住まいのコンシェルジュ

見るとやるとは大違い? 初めてでも失敗しないセルフリフォームとは?


今、静かなブームを迎えているセルフリフォーム。
古い賃貸住宅を自宅でセルフリフォームをした方のブログがヒットしたり、セルフリフォームの過程をおった動画がアクセス数を集めたりしています。
しかし、実際に見るとやるとは大違い。
ものが家だけに失敗したら取り返しのつかないことになりかねません。
そこで今回は初めてでも失敗しないセルフリフォームのやり方についてご紹介しましょう。

最初は小さいものからはじめる

まずはこちらをご覧ください。
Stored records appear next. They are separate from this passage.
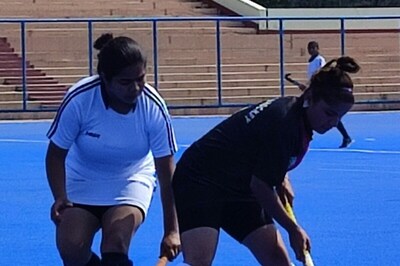 Big Wins for Jharkhand, Delhi in National Women's Hockey Championship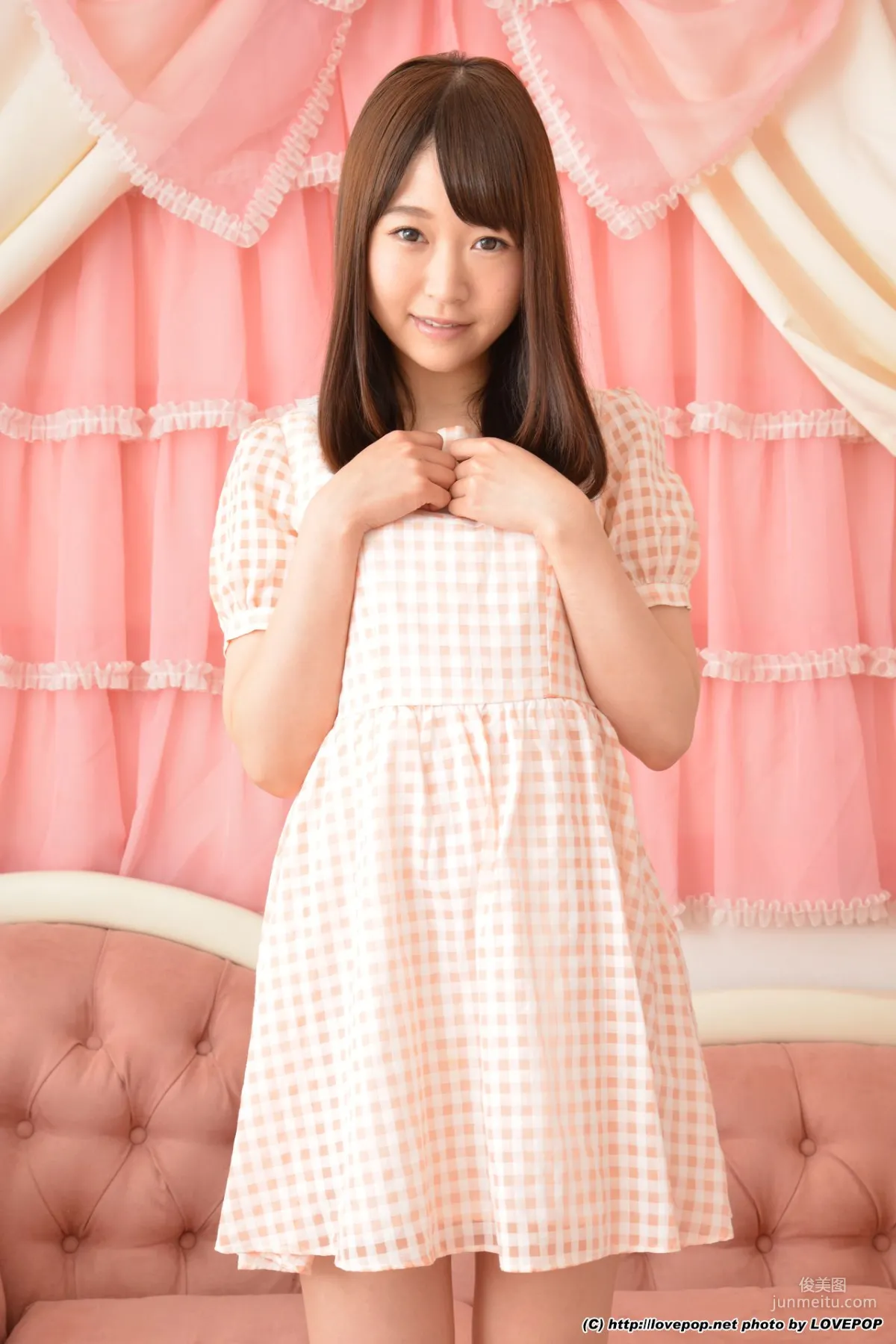 Mayu Yuuki: LovePop Set5 photo 7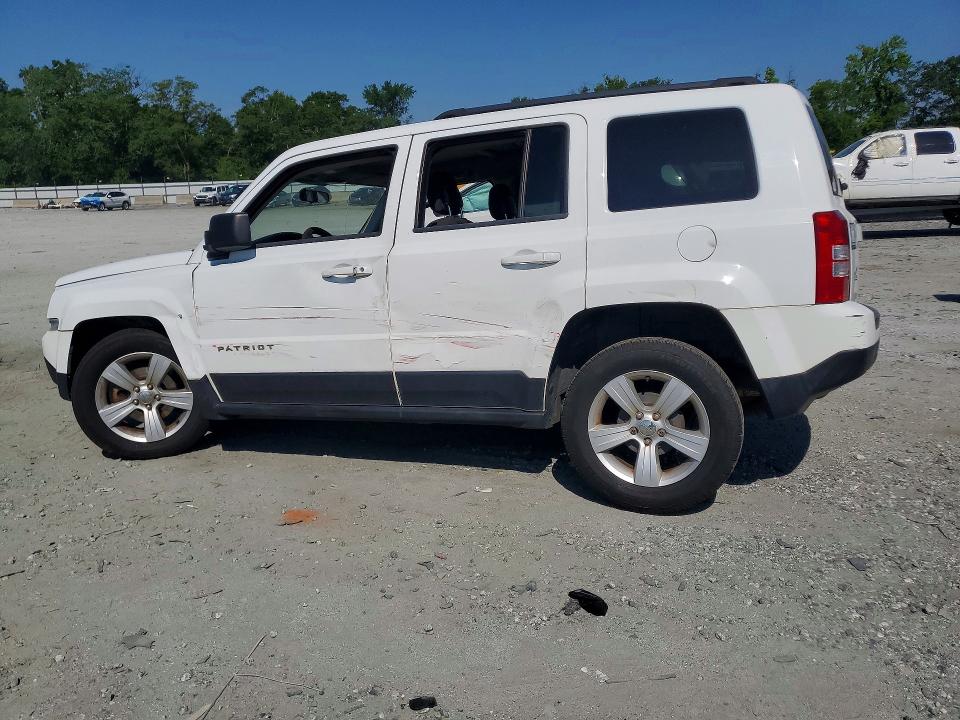 2014 Jeep Patriot მანქანა იყიდება აუქციონზე, vin: 1C4NJPBB1ED618583, აუქციონის ნომერი: 56877856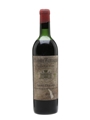 Chateau Fonroque 1959 Saint Emilion Grand Cru Classe 75cl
和室が洋室に変身していく様子を早回しでたどっていく映像です。
これを見ていると手間はかかりますが技術的にはそう難しくなさそうだな、と思う方もいるでしょう。
確かに、今はすでに糊がついている壁紙ですとか、敷くだけでOKのフローリング風シートなどがホームセンターに売っています。
「これを使えば私でも簡単にリフォームができるのでは」と思うかもしれません。
しかし、たとえ貼るだけのものであったとしても、広い面積に綺麗に貼る、というのはなかなか難しいのです。
セルフリフォームをしてみたい、と思う方はまずは家具のリフォームから始めてみるとよいでしょう。
見飽きた家具もシートを張ったり、ペンキを塗ったりするだけで雰囲気ががらりと変わります。
ついでに自分の器用さを確認することもできるでしょう。
小さな家具でもうまくペンキを塗れない、シートがまっすぐに貼れない、というレベルならばセルフリフォームに安易に手を出すべきでないのです。

大切なのは見栄えよりも耐久性

家、というのは人が暮らしていく場所です。
歩いたり座ったり、時には跳ねたり走ったりすることもあるので、ちょっとやそっとでは壊れない耐久性が必要ですよね。
セルフリフォームを扱っているブログや動画は「こんなにきれいにできました」という結果は見せても、1年後、2年後の様子を見せてくれるものは少ないです。
せっかくきれいにリフォームができても、一か月後には壁紙や床板がはがれてきた、なんてことになったら大変です。
セルフリフォームを考えている方は、できれば実際に数か月前~1年前にセルフリフォームを行った、という方のご自宅を見学にいってみましょう。参考になりますよ。

本当にセルフリフォームは安いのか?

セルフリフォームを行う理由として「自分でやったほうが安いから」という声をよく聞きます。
でも、それは本当でしょうか?
確かに自分でやれば人件費は0で、材料費だけで作ることができるでしょう。
でも、うまくいかなかったり、失敗したりすれば結局プロに頼まざるを得ず、余計な出費がかることになります。
自分好みの家を作れるという魅力は大きいですが、あまり目先のお金ばかりに囚われず、一度プロに頼んだ場合と料金を比較してみましょう。

セルフリフォームで後悔しないための5か条

  1. 自分の腕を良く見極める。(物ごとには何でも向き不向きがあります。不器用ならば無理をしないことです。)
  2. 小さいものから大きいものへ対象を移していく。(小さいものならば、失敗してもダメージが少ないです。)
  3. 十分に時間をかけて丁寧に行う。(急ぐと失敗しやすいですし。耐久性が心配です。)
  4. いじってはいけない物をいじらない。(電気系統などの工事をするには資格が必要。)
  5. 無理な計画は立てない。(最初は部屋の一角からはじめてみませんか?)

いかがでしたでしょうか?
セルフリフォームは確かに楽しいですし、自分の家を自分で作り上げる喜びも感じられるでしょう。
でも、お金を払う代わりに労力がかかりますし、失敗をすると大きなダメージを家に与えてしまいます。
実際に着手する前によく考えてくださいね。